Он ли автор подметных писем?

Нет. Четыре сведущих лица удостоверили, что это не его рука, а простые соображения, мною вам приведенные, доказывают, что он и не мог писать их.

Еще раз, он ли сочинял пасквили?

Нет, ибо в его личной переписке усматриваются такие ошибки, которых найти в пасквилях невозможно. Однако есть другие улики, которых нельзя оставить без внимания!

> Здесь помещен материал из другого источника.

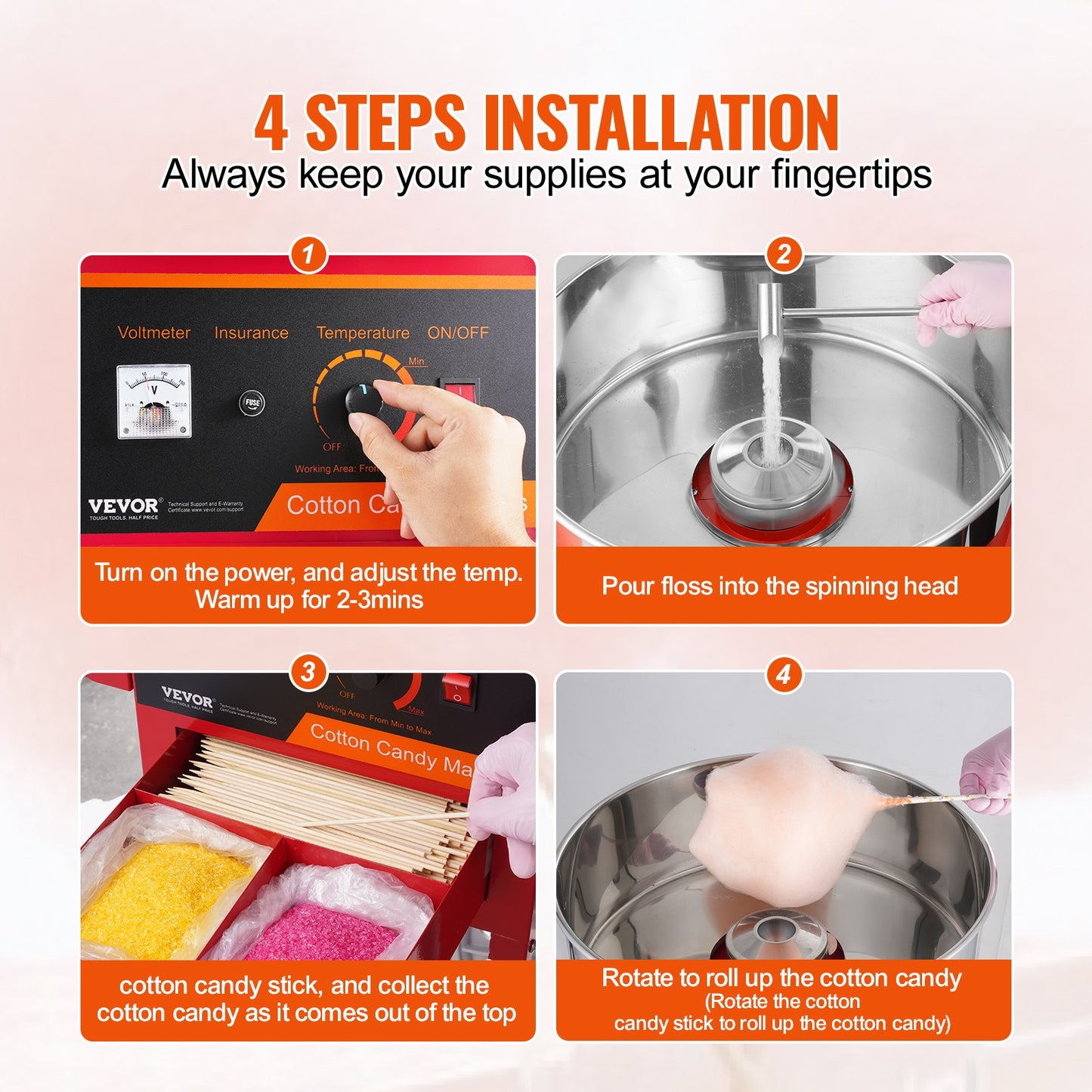 Electric Cotton Candy Machine with Cart, 1000W Commercial Candy Floss Maker with Stainless Steel Bowl, Sugar Scoop and Drawer, Perfect for Home, Kids Birthday, Family Party, Red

Займемся, во-первых, сценой изгнания ла Ронсьер из гостиной генерала 21 сентября. Возмущенный пасквилями и подозревая этого офицера, Морель вдруг видит его у себя и, как вы знаете, допрашивает еще в передней через капитана Жакемэна. Странная, заметим между прочим, идея, непостижимая дерзость! Явиться в дом, отравленный его гнусными выходками, участвовать в общем веселье и сохранять спокойствие?! Где нахал, который осмелился бы так издеваться над горем отца, в такой мере презирать гнев старого солдата? Где он, спрашиваю я вас? Тем не менее обвиняемый идет именно на это, и… генерал его гонит вон; момент, когда всякая мелочь приобретает значение, и вот первая улика, бросаемая ла Ронсьеру в глаза (подробности изложил здесь свидетель Аккерман восемь месяцев позднее события, хотя в его собственных показаниях следователю на них нет и намека).